By Gary Fallesen, founding president, Climbing For Christ

Loveson. (Photo by Gilbert Lindor)

The skeletal baby revealed from under a begging mother’s clothing on a street corner in Nairobi, Kenya. A beleaguered father, his polio-stricken daughter sitting on his lap, slumping into despair in Malasi, Haiti after learning there was nothing we could do to help.

A sea of orphan children sleeping alongside and on top of each other in Kasese, Uganda. Dirty-faced children, who are forced to work more than half of every day of every week in a brick factory in Faisalabad, Pakistan, with hopelessness in their eyes. Widows and widowers broken by life, unable to even make eye contact, in Msema, Malawi.

These are staggering real-life images in my mental photo album.

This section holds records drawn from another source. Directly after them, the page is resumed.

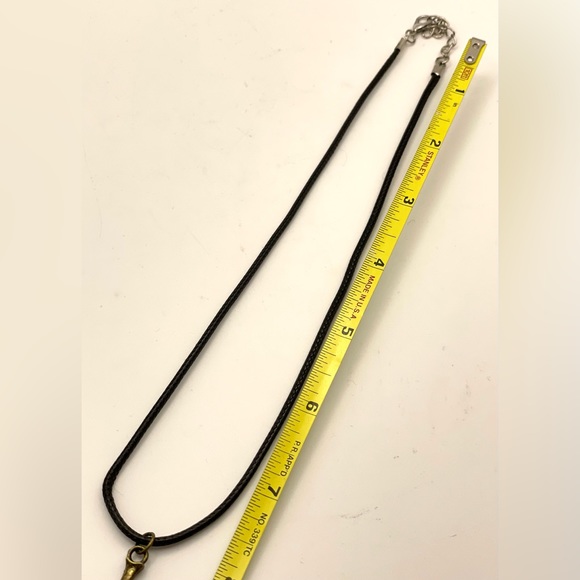 Bronze Tone Deer Antler Pendant on Black Cord Necklace 16” - Picture 5 of 7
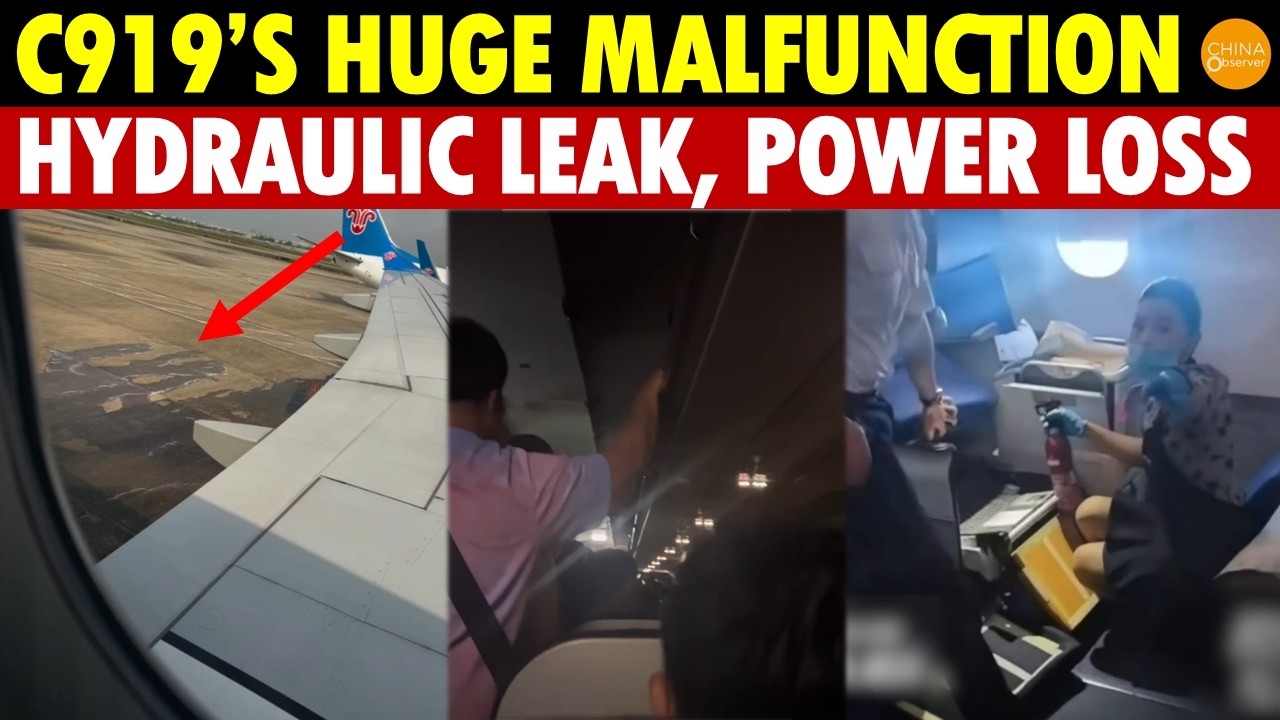 C919’s Huge Malfunction! Hydraulic Oil Leak, APU Down, Total Power Loss—Flying at Your Own Risk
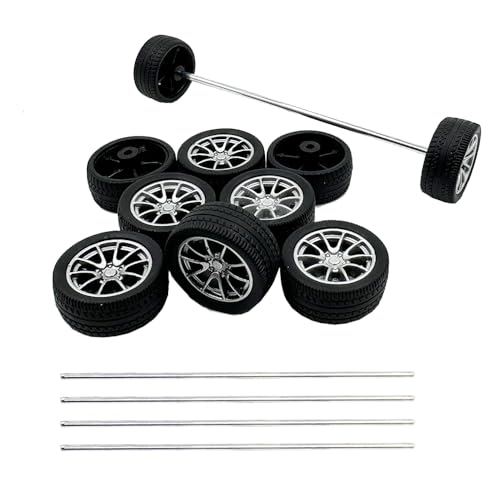 10PCS Toy Car Wheels 28mm Rubber Tire Wheels with Metal Shaft for RC Car Truck DIY Model Toy Wheel Replacement Accessories (2.5x28mm) - style: 2.5x28mm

Some are moments I witnessed with my own eyes and perhaps captured through the lens of my camera. Others are moments sent to me in a photograph, like the one at the top of this page.

Gilbert Lindor emailed me the photo above of a 10-year-old boy named Loveson. Gilbert himself first came to me via an emailed photo. It was a photograph so hideous I could not even look at it; a photograph of a gangrene leg. Gilbert broke his leg in the mountains of Haiti in 2007 and God used Climbing For Christ to rescue him.

The next photos I would see of Gilbert were of him recovering from an amputation that saved his life. Only then did I meet him in person and begin to watch him grow in the Lord.

Gilbert in August 2007.

Now Gilbert serves those in need; those needing Jesus and those needing the love of Christ.

Jesus instructed us in the Gospel of Matthew: “And the King will answer them, ‘Truly, I say to you, as you did it to one of the least of these my brothers, you did it to me” (Matthew 25:40, ESV, boldface emphasis mine). Jesus spoke about feeding the hungry, giving drink to the thirsty, inviting in the stranger, clothing those who are naked, taking care of the sick, and visiting those who are in prison. He told us – and He continues to tell us – that we will find Him among the least of these.

We see the least of these wherever God sends us. In the case of Climbing For Christ, that is in mountainous areas where others are not going – in remote and often impoverished villages. We see the physical and the spiritual needs, and through the power and provision of God we attempt to address those needs.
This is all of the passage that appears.